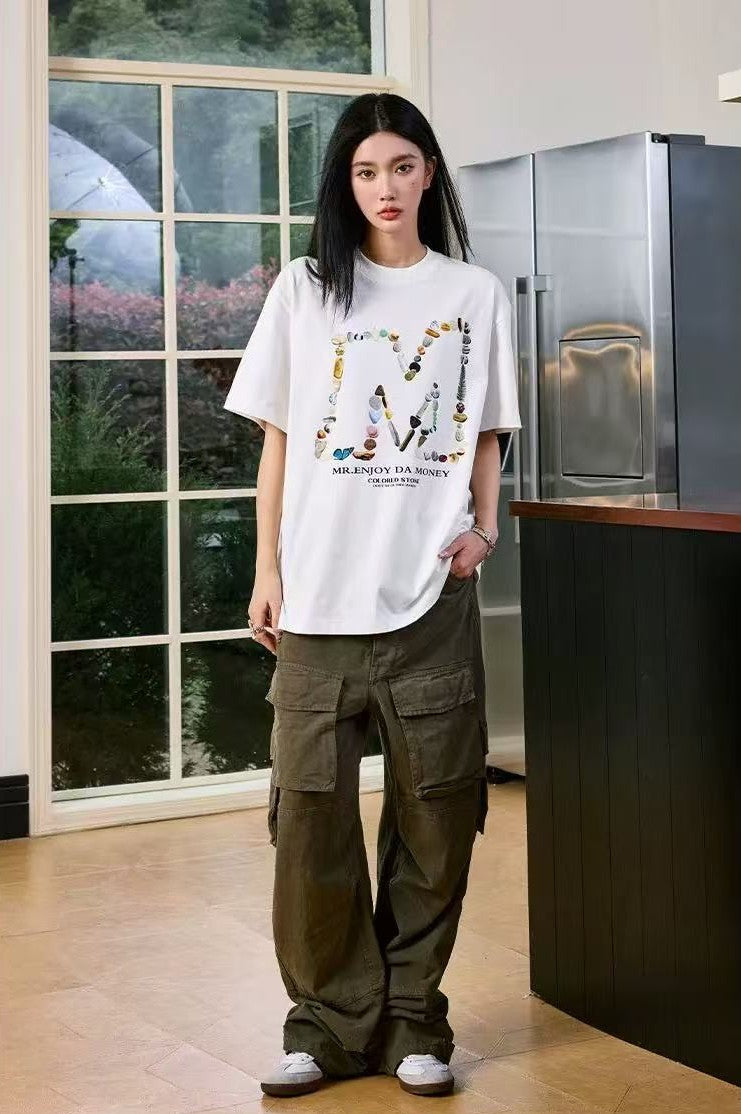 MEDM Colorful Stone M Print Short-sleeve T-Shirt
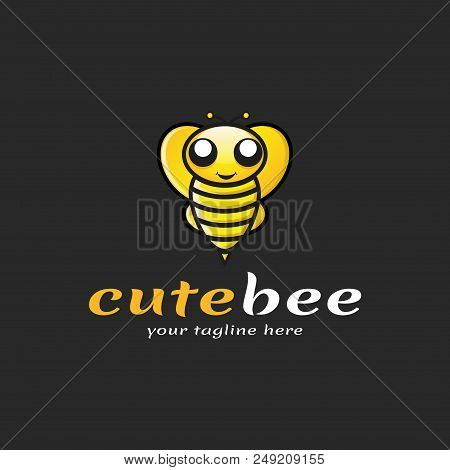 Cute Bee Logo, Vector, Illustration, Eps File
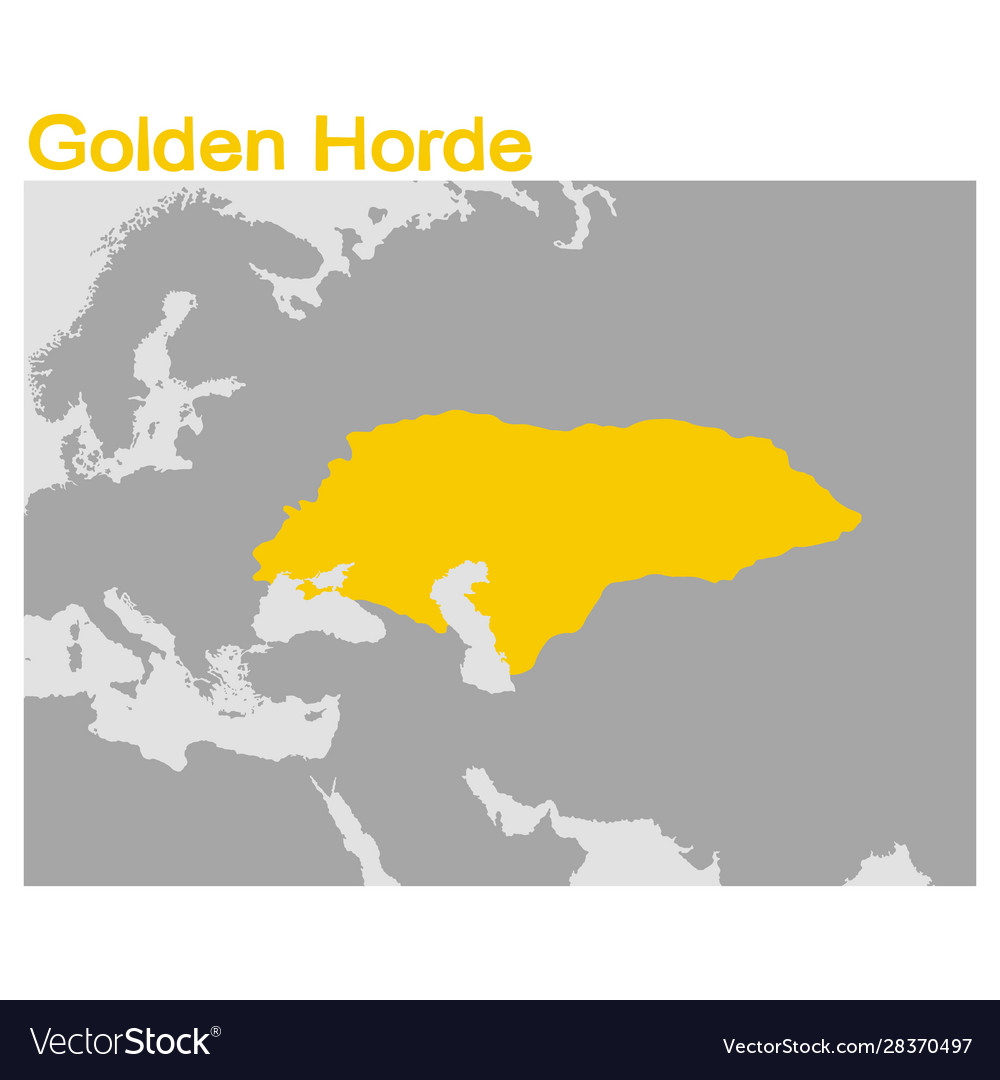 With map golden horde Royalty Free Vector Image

○ ○ ○ ○ ○ ○ ○

• What this task involves
A word-for-word retyping of the material above is expected, without pictures.

• Exercise answer
 MEDM Colorful Stone M Print Short-sleeve T-Shirt
 Cute Bee Logo, Vector, Illustration, Eps File
 With map golden horde Royalty Free Vector Image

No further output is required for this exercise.